「最後の忠臣蔵」武士の忠義と不実の恋物語

今日は天皇誕生日でお休み。ということで先週末公開になった「最後の忠臣蔵」を観てきました。

 

この物語は、大石内蔵助ら赤穂藩士が、主君の吉良上野助の仇討のため浅野内匠頭を襲撃し、その後全員切腹するという「忠臣蔵」のその後の話という設定になっています。

討ち入りの前の日に大石内蔵助から命じられて、京都にいる愛人とその娘(可音(桜庭みなみ))を守って欲しいと用人の瀬尾孫左衛門(役所広司)に命じる。

また、討ち入りに参加した寺坂吉右衛門(佐藤浩市)は、討ち入り後に大石から生きてこれから切腹する藩士の家族を訪ねて討ち入りの様子を伝え、貧窮のため悪事に走ったりしないように経済的援助をするようにと命じられる。

この映画は、命惜しさに討ち入りに加わらなかった孫左衛門と名誉の死を許されず生き残った二人の物語です。

孫左衛門は可音が嫁ぐまで、大石の隠し子であることは自分の身内や赤穂藩の関係者にすら言わないように大石から言われているため、自分は商人という姿で過ごし、可音の世話に協力をしてくれた元島原の太夫であったゆう(安田成美)にすらそのことを隠し続けていました。

やがて可音は成長し16歳になりそろそろ嫁ぐにはいい年頃となりましたが、彼女は孫左衛門に恋心を抱きます。主従の間の不実の恋を孫左衛門は受け入れることができずにいました。

そして、孫左衛門は吉右衛門とであってしまいました。吉右衛門はなぜ討ち入りの前日に姿を消したのかと孫左衛門を問い詰め、二人は斬り合いにまでなってしまいます。

やがて可音が大石の隠し子であるというのは大石の従兄弟から見透かされてしまったようで、二人が生きてきたのは大石の命だということを理解し合い、かつての友情を取り戻します。

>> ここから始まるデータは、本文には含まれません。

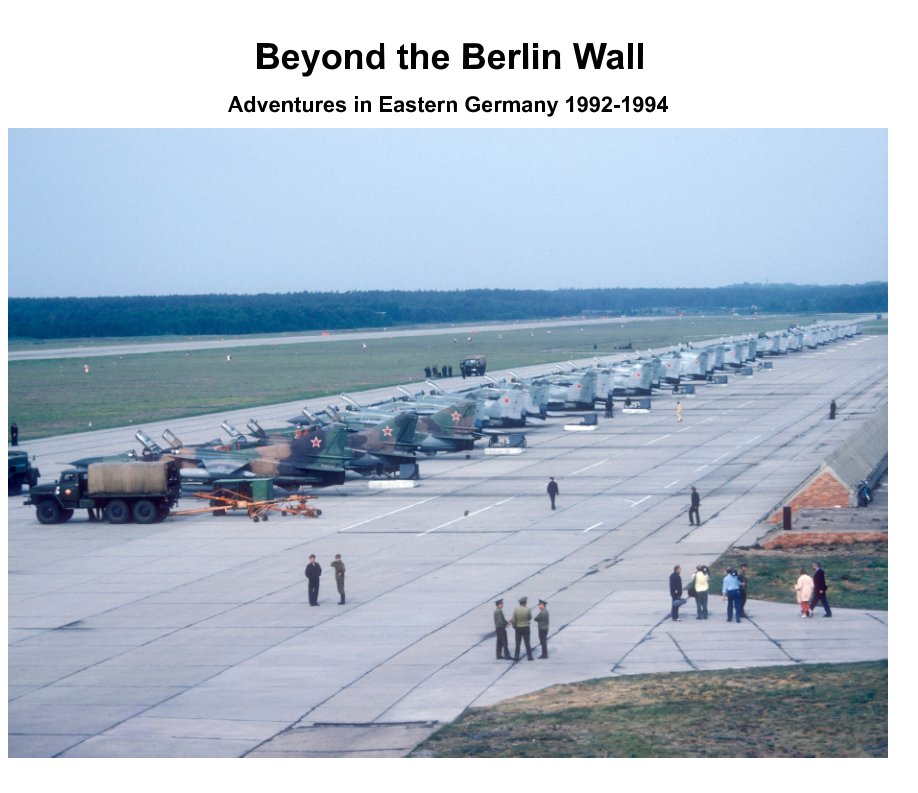 Beyond the Berlin Wall nach Lindsay Peacock anzeigen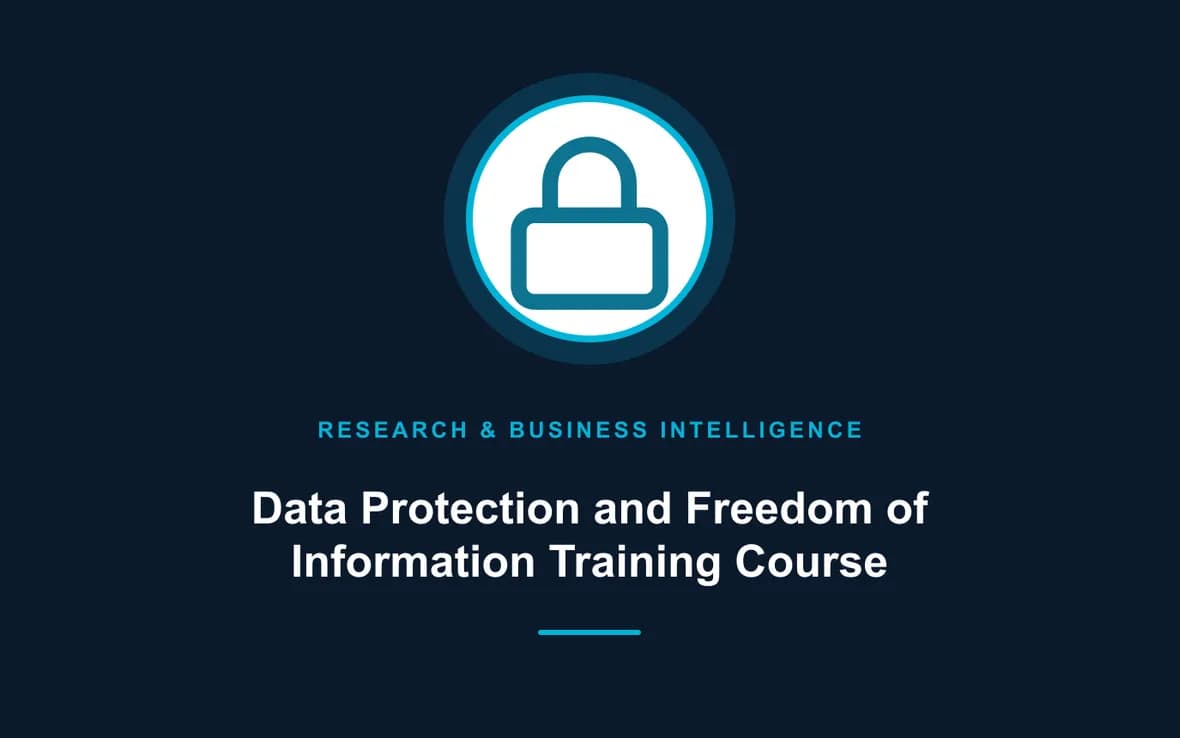 Data Protection and Freedom of Information Training Course — Research, Data Management and Business Intelligence training course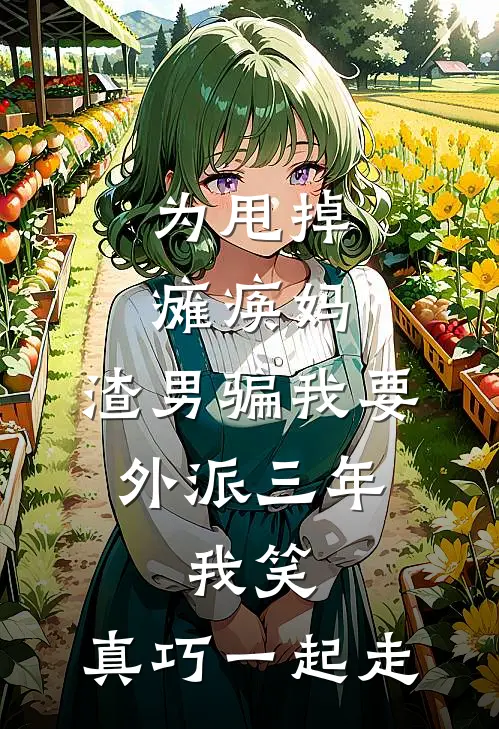 为甩掉瘫痪妈，渣男骗我要外派三年，我笑：真巧一起走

大石ら討ち入りで切腹した赤穂藩士の17回忌の法要の日、可音は嫁ぎます。嫁入り行列に同行する孫左衛門のもとに吉右衛門をはじめ多くの赤穂藩士が途中から加わってきます。これによって二人が生き延びたということが許されたのだと思います。

可音が嫁いだことにより自分の使命は終わったと悟った孫左衛門は祝言の席につかず隠れ家の仏壇でそのことを大石に報告していました。その最中にゆうの屋敷に招かれ、ゆうから16年待っていた。これから一緒に生きてほしいと告白されます。

ゆうと孫左衛門が会話するシーンでは、男の生き方、女の生き方の価値観の違いがよく描かれているように思います。

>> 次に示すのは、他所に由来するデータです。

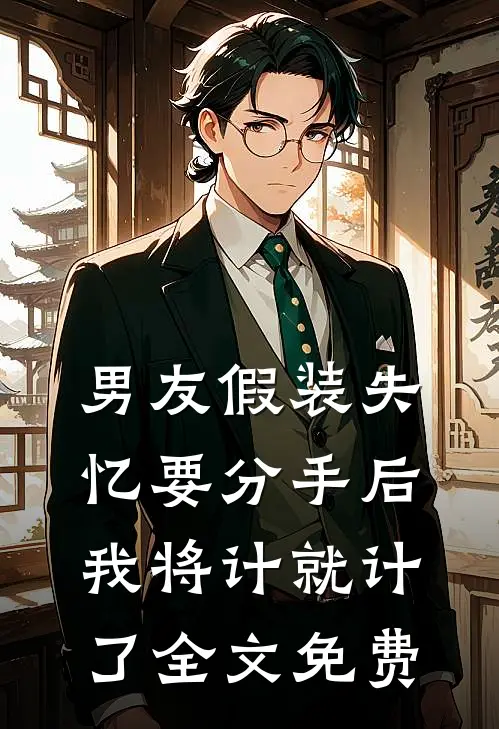 男友假装失忆要分手后，我将计就计了全文免费
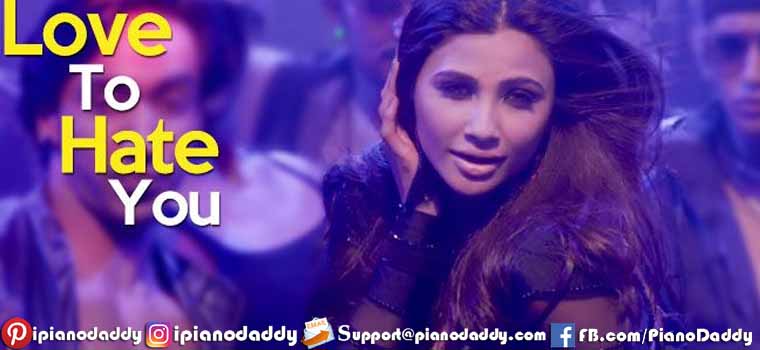 Love To Hate You (Hate Story 3) Piano Notes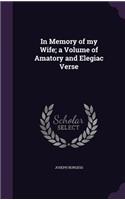 In Memory of my Wife; a Volume of Amatory and Elegiac Verse: (English)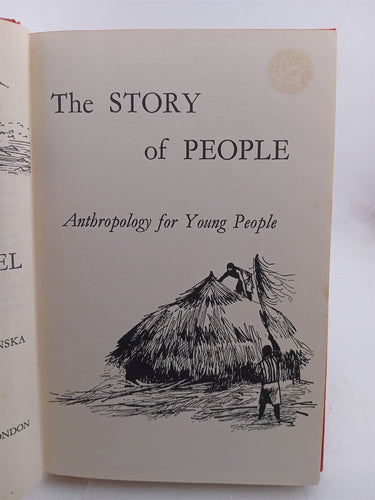 The Story of People: Anthropology for Young People by May Edel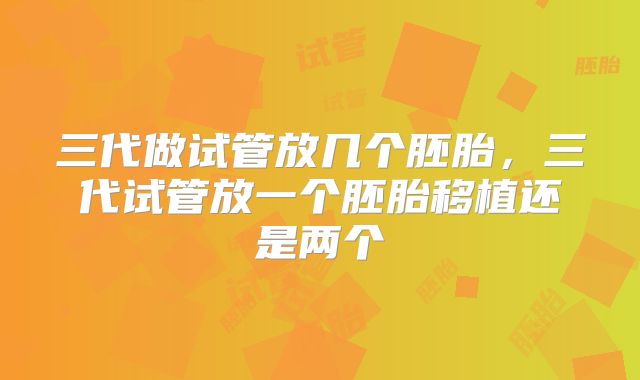 三代做试管放几个胚胎，三代试管放一个胚胎移植还是两个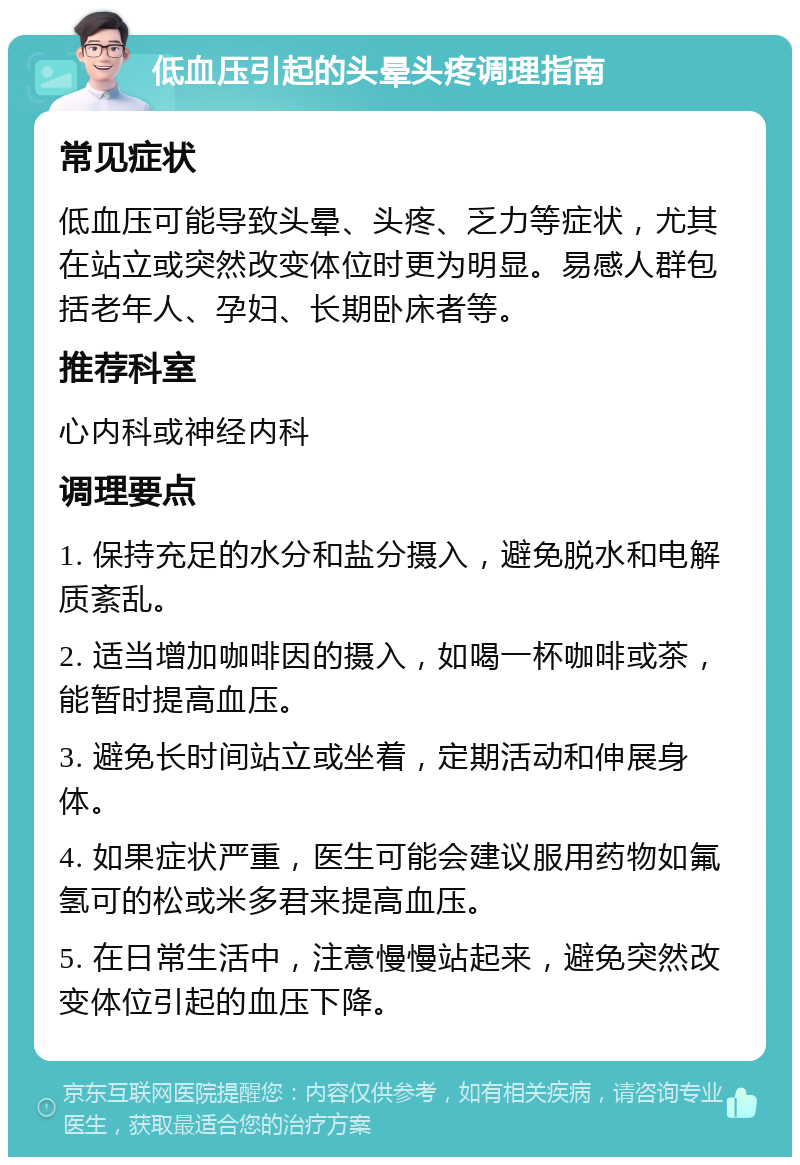 低血压引起的头晕头疼调理指南 常见症状 低血压可能导致头晕、头疼、乏力等症状，尤其在站立或突然改变体位时更为明显。易感人群包括老年人、孕妇、长期卧床者等。 推荐科室 心内科或神经内科 调理要点 1. 保持充足的水分和盐分摄入，避免脱水和电解质紊乱。 2. 适当增加咖啡因的摄入，如喝一杯咖啡或茶，能暂时提高血压。 3. 避免长时间站立或坐着，定期活动和伸展身体。 4. 如果症状严重，医生可能会建议服用药物如氟氢可的松或米多君来提高血压。 5. 在日常生活中，注意慢慢站起来，避免突然改变体位引起的血压下降。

大石の命は果たし、卑怯者というレッテルも払拭され、ハッピーエンドになったっていいじゃないかと思いました。

でも、孫左衛門はゆうと生きることよりも自らの死を選び、ゆうの屋敷から帰った夜に隠れ家の仏壇の前で腹を切って自決しました。

彼は何を思って自決をしたのかを想像するととても複雑です。可音に恋心を抱かせてしまったことを大石に申し訳なく思っているのか、この16年の辛さから解放され自分の存在がわからなくなってしまったのか、討ち入りで死んでいった大石や藩士たちへの償いなのか、武士と大石のそばにつかえるには輪廻の世界に行かなければならなかったのか、どれも当てはまるような気もするし、どれも当てはまらないような気もします。

映画は途中近松門左衛門の曽根崎心中の人形浄瑠璃の場面がいくつか挟み込まれますが、これが許されない恋、不実の恋、孫左衛門の死をイメージさせるのに効果的に使われています。

孫左衛門の枯れた役柄を演じる役所広司の演技はとてもよかったですし、またゆう役の安田成美、吉右衛門役の佐藤浩市も好演でした。

この物語の舞台は京都ですが、孫左衛門が過ごす苔むした隠れ家は京都の里山の竹林やすすきの野原の様子はなかなか趣きがあります。

加古隆の音楽も死より重いものを背負って生きていく孫左衛門や吉右衛門の心情をよく表していると感じました。

この映画はワーナー・ブラザーズが配給で制作総指揮はアメリカ人が担当しています。可音の孫左衛門のストイックな恋心、孫左衛門の忠義、死ぬよりも生きることの辛さとなどの精神世界が評価されたのではないかと思います。

それにしても劇場は7~8人しか入っていませんでしたが、入れ歯の臭いや加齢臭が強烈で我慢しながら最後まで観るのが大変でした。